Oh I know, totally understand that. 

Can either try and adjust my holiday, or settle for going along to Poole Quay - if the car arrives in time of course!! :roll:


----------



## 04DTT (Apr 7, 2006)

For the last numbers of years I was away for the annual TT event. Finally, i'll be able to make one   It will be a bit of a trek, but worth it


----------



## nutts (May 8, 2002)

HighTT said:


> nutts said:
> 
> 
> > Newbies based on experience want a dedicated session set aside to allow them to take it easy alongside people of similar abilities and outlook
> ...


I guess we were then 

Timings are not finalised and we still have a lot to do, but imagine the following as indicative  Things could obviously change and indeed may, dependent on costs and take-up of the various sessions, etc


----------



## jampott (Sep 6, 2003)

Am I an 'other Audi' or 'exotica'? :lol:


----------



## TT4PJ (May 5, 2004)

jampott said:


> Am I an 'other Audi' or 'exotica'? :lol:


Hiya,
That is a really good question!
After driving past my local Audi dealer in my van this week and seeing a silver R8 on the forcourt I had to pull up into a layby and wipe the drool of the steering wheel. 8)
I would say exotica.


----------



## redTT (Nov 16, 2006)

Will parking be inside the actual arena (NASCAR bowl).

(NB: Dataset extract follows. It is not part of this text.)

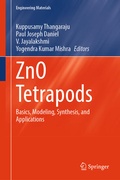 Cover: ZnO Tetrapods - Springer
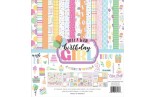 Echo Park Make A Wish Birthday Girl Collection Kit 30x30cm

The last time i went here, the car park outside was unmade and the place was an absolute sh*thole.


----------



## Mark Davies (Apr 10, 2007)

nutts said:


> Booking large venues such as this poses a huge problem. We were provisionally booked with Donnington since last year for the 20th July, but they wouldn't let us confirm until the new year... they have to ensure that all the large events have first choice (Moto GP, Download, etc). So first week of Jan and I ring to find out that they've given "our" weekend away :? and not much choice left, but scraps.
> 
> So for the past month we've been working like fecking crazy trying to find alternative venues :? and negotiating down from what was a huge cost.
> 
> We did everything very quickly  in fact this is the earliest by a factor of a couple of months we've ever announced it :?


I can understand the difficulties you've had, but if they are going to take a provisional booking and then kick us into touch for a bigger player does that not indicate that perhaps we've been a little over-ambitious with our choice of venue?

Maybe we should consider a smaller venue to whom we would be a 'big player' who would be happy to give us a fixed weekend in the calendar each and every year - then we all know where we are at. June and July are busy periods for all of us and I'm sure I'm not the only person who'd really like to come but keeps missing out year on year because I can't put my life on hold waiting for dates to finally be announced. I just wonder how many more people could come, and so how much more succesful the EvenTT could be, if it was just a little more like a 'regular fixture'.


----------



## nutts (May 8, 2002)

Your view certainly "your view" Mark  Other views at other times from other members include "I'm not going to the same venue twice" or "The club needs to strive to become bigger & better when putting on their annual events"

Unfortunately, we will never please all of the people all of the time. :?

We do our best and if people want more... there is nothing more to give.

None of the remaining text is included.